▶ [Supplied data]

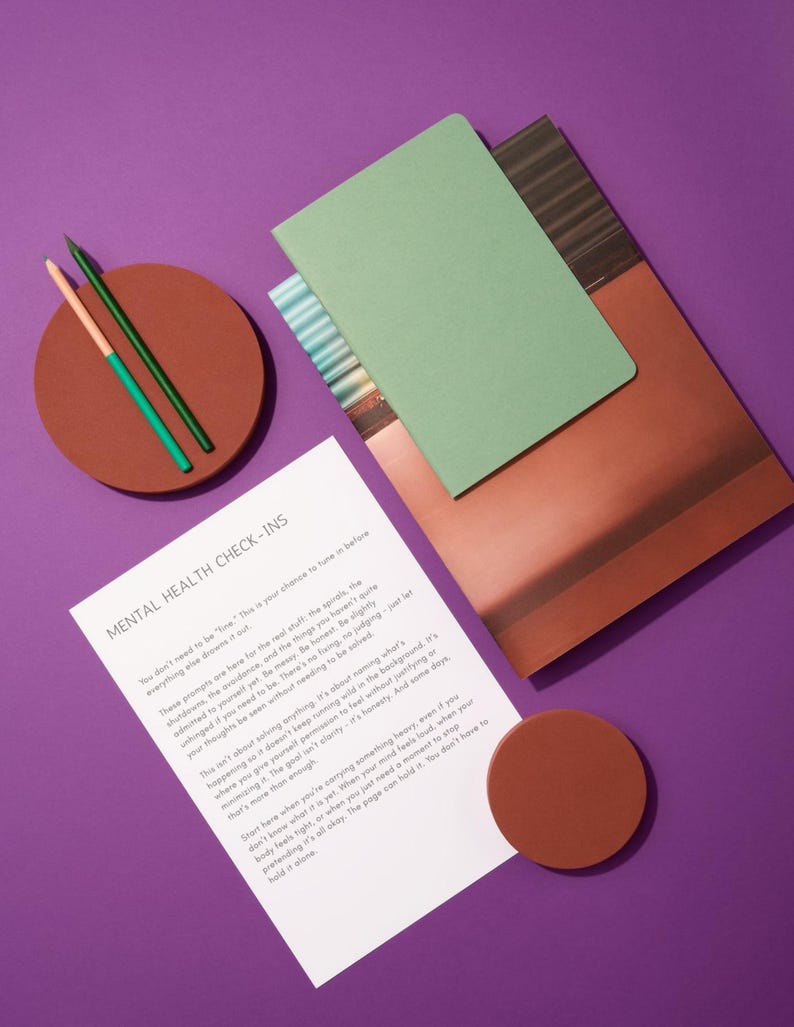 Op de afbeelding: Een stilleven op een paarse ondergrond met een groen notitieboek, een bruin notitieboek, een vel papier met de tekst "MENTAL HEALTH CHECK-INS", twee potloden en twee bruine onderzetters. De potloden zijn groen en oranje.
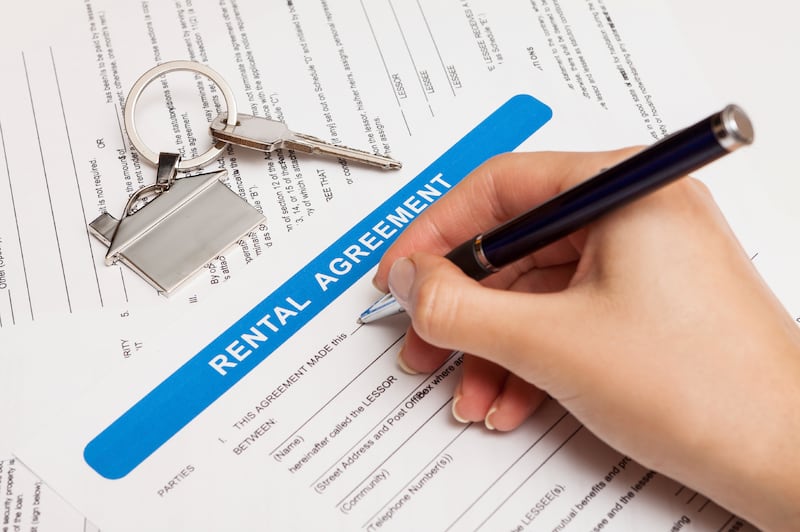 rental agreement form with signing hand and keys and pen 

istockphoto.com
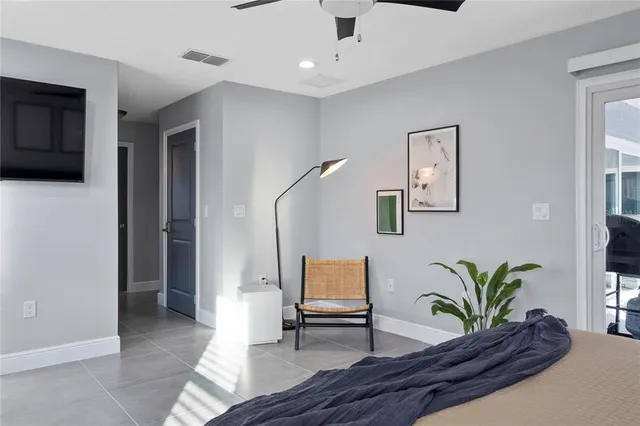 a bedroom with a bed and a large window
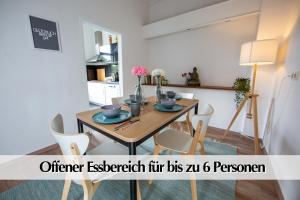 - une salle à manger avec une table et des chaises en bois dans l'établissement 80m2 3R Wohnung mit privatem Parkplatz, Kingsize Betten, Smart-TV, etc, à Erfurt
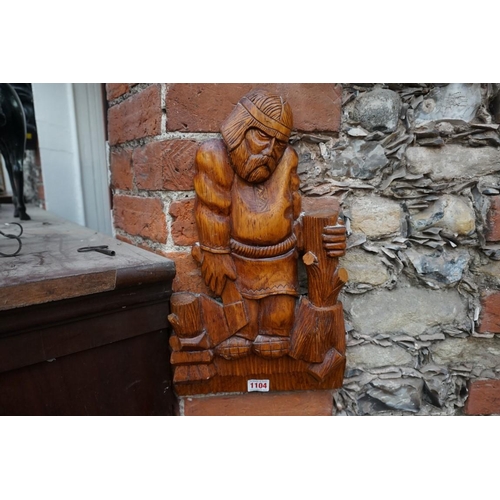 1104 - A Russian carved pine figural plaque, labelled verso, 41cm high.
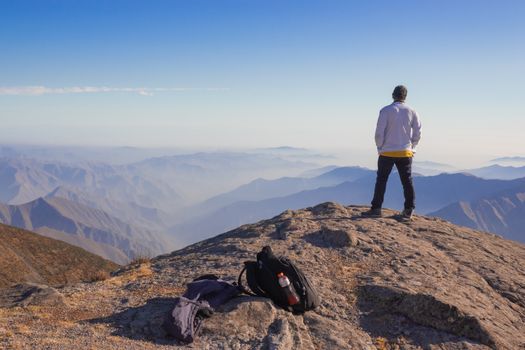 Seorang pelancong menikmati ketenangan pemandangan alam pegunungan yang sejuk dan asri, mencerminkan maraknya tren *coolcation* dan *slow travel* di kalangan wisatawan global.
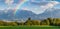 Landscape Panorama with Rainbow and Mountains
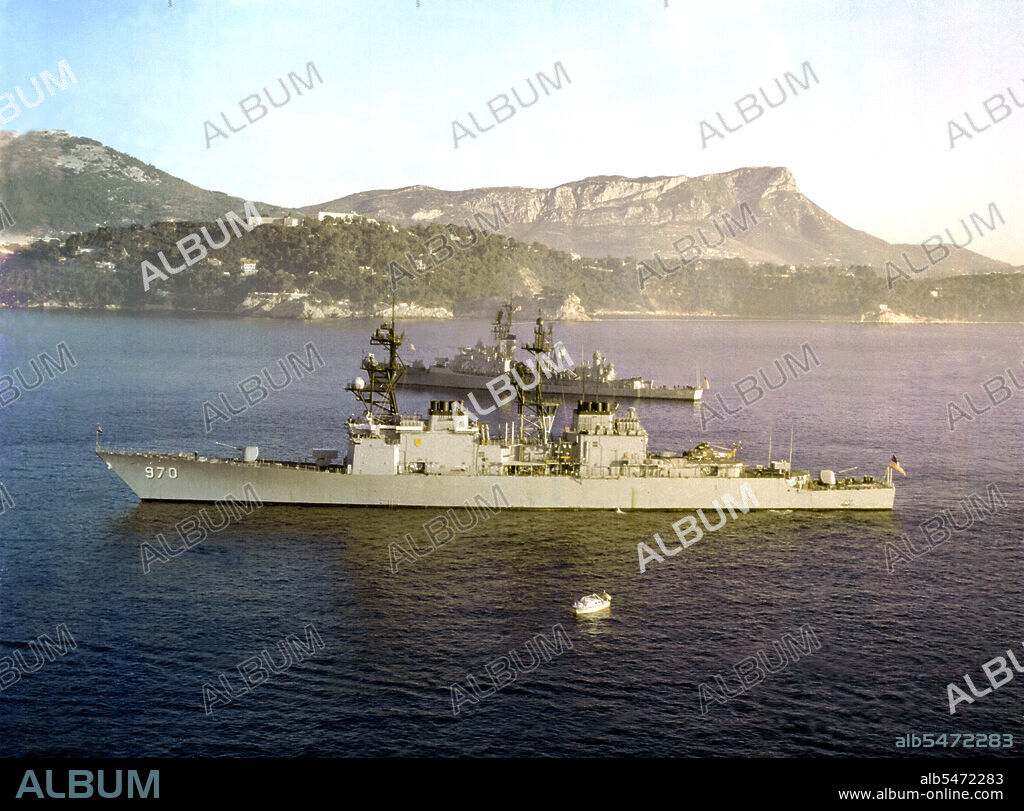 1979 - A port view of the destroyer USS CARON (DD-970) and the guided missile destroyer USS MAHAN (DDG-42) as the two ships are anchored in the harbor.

▶ [The task]
Reproduce exactly the lines of the data above that run from the line with "rental agreement form" down to the line with "1104 - A Russian", both ends included. Pictures do not belong in the copy.

▶ [Answer section]
 rental agreement form with signing hand and keys and pen 

istockphoto.com
 a bedroom with a bed and a large window
 - une salle à manger avec une table et des chaises en bois dans l'établissement 80m2 3R Wohnung mit privatem Parkplatz, Kingsize Betten, Smart-TV, etc, à Erfurt
 1104 - A Russian carved pine figural plaque, labelled verso, 41cm high.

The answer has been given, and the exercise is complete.